Por um longo espaço de tempo imagino-me invisível a caminhar descalça pela rebentação, levantando a saia para não a molhar (e é este gesto precisamente que me permite manter alguma sobriedade mental), quando sou abordada por uma estrangeira residente que me questiona se de certeza que sou portuguesa. (Fico para aqui a matutar o que a terá levado a contrário o contrário? Hum! Serei “ALIEN”?)

SMITHS E PRÉ-ADOLESCÊNCIA

(press PLAY to listen)

Há uns anos atrás a minha irmã (eu com 12 anos, ela com 21) diria: lá estás tu a ouvir essa porcaria de música neuro-depressiva, caraças! Se assim fosse eu sentar-me-ia na minha cama a saborear chocolates e a ouvir impávida e serena a música, alheia às suas provocações e possivelmente responder-lhe-ia entre-dentes e sem lhe dirigir o olhar: eu gosto de música neuro-depressiva (o que é isso exactamente?).Entretanto tentaria tirar a letra da canção “Take me out” dos Smiths que iria acabar inevitavelmente por sair uma grande inglesada (que experiência tão, tão, poderei dizer “criativa”?). Os meus irmãos, todos eles substancialmente mais velhos que eu limitar-se-iam a gozar e a cantar-me as músicas segundo a minha interpretação, enquanto eu, protegida pelo lugar de maninha pequenina, dar-me-ia ao luxo de declamar patetices dos Smiths e do Lloyd Cole conforme bem entendesse.
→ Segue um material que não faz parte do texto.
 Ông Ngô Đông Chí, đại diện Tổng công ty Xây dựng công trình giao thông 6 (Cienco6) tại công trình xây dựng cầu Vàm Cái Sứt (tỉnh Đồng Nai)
Haviam também os Violent Femmes, os Housemartins (Santo Deus, terá sido assim há tanto tempo que eu já não me consigo lembrar do seu nome?), os Proclaimers (estou a falar na minha pré-adolescência) e enfim… houve mais, muitos mais. (Se é verdade que a música define de certa forma algumas orientações pessoais, que raio de pessoa serei eu?).